+++ Entries shown

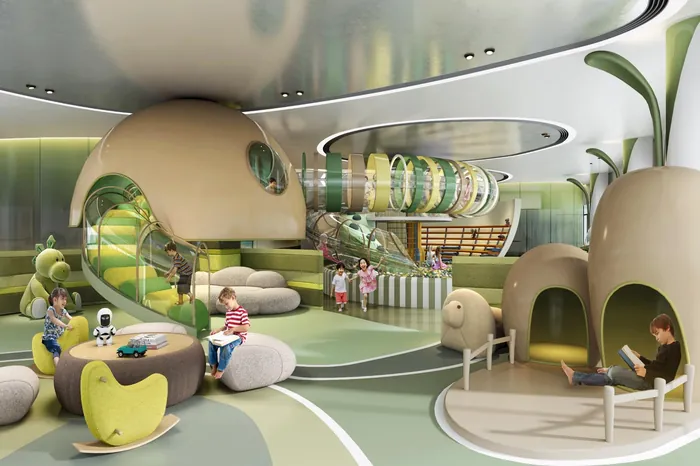 Chongzhou Sanlang · Club Med Joyview Hotel — 2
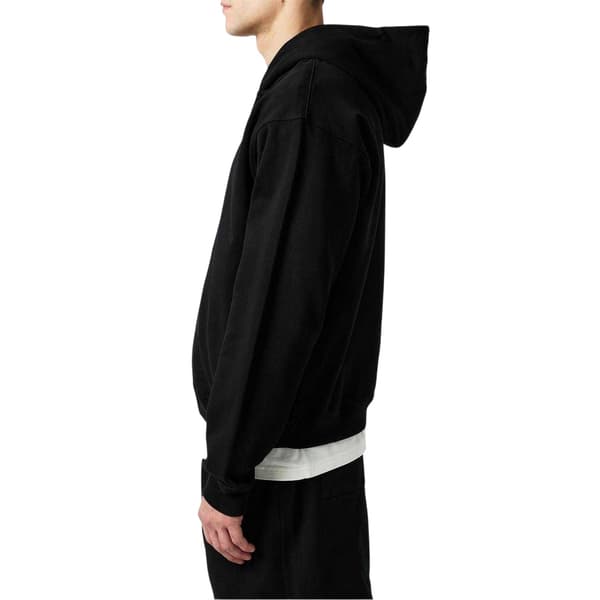 Represent Herr Initial Hooded Jacka XL Svart Black XL
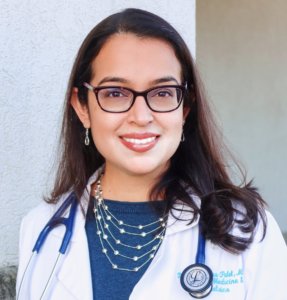 Dr. Damitra Ramos Patel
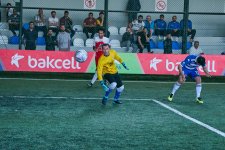 Горячий финал Azfar Business League -  волевое чемпионство Azersun (ВИДЕО,ФОТО)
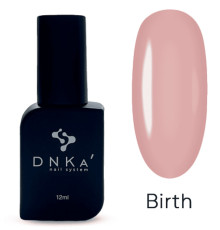 Рідкий гель для укріплення DNKA Pro Gel №004 Birth світлий нюд,12 мл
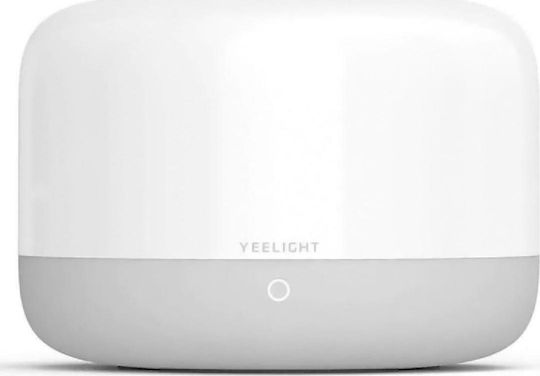 Yeelight Smart Φωτιστικό Bedside Lamp D2 LED RGBW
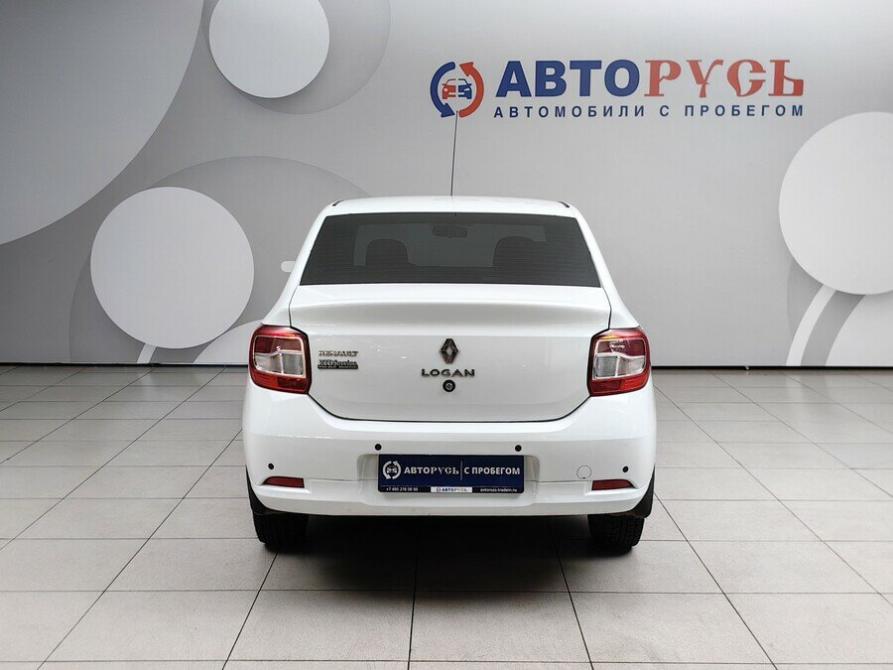 Renault Logan II Подольск  - изображение 4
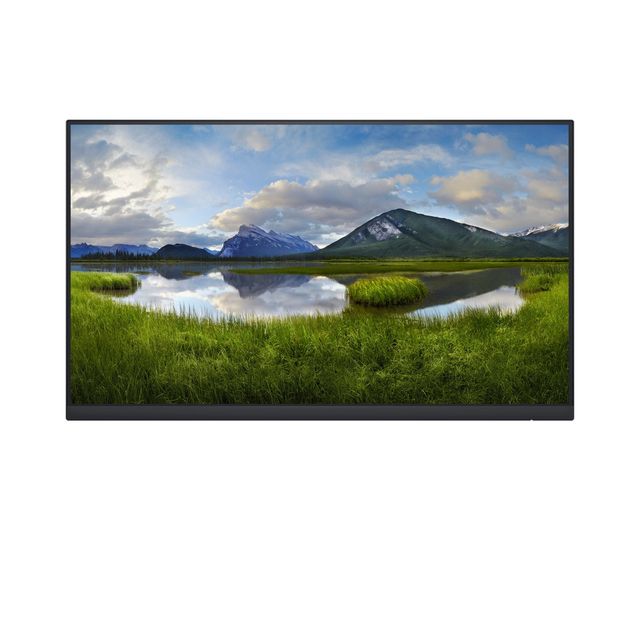 DELL P Series P2422H_WOST 60,5 cm (23.8") 1920 x 1080 Pixel Full HD LCD Nero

++++++

» **What is required**: I would like the lines from the one with "Горячий финал Azfar" through the last line of the data above retyped exactly, with pictures left out, please.

» **Task answer**:
 Горячий финал Azfar Business League -  волевое чемпионство Azersun (ВИДЕО,ФОТО)
 Рідкий гель для укріплення DNKA Pro Gel №004 Birth світлий нюд,12 мл
 Yeelight Smart Φωτιστικό Bedside Lamp D2 LED RGBW
 Renault Logan II Подольск  - изображение 4
 DELL P Series P2422H_WOST 60,5 cm (23.8") 1920 x 1080 Pixel Full HD LCD Nero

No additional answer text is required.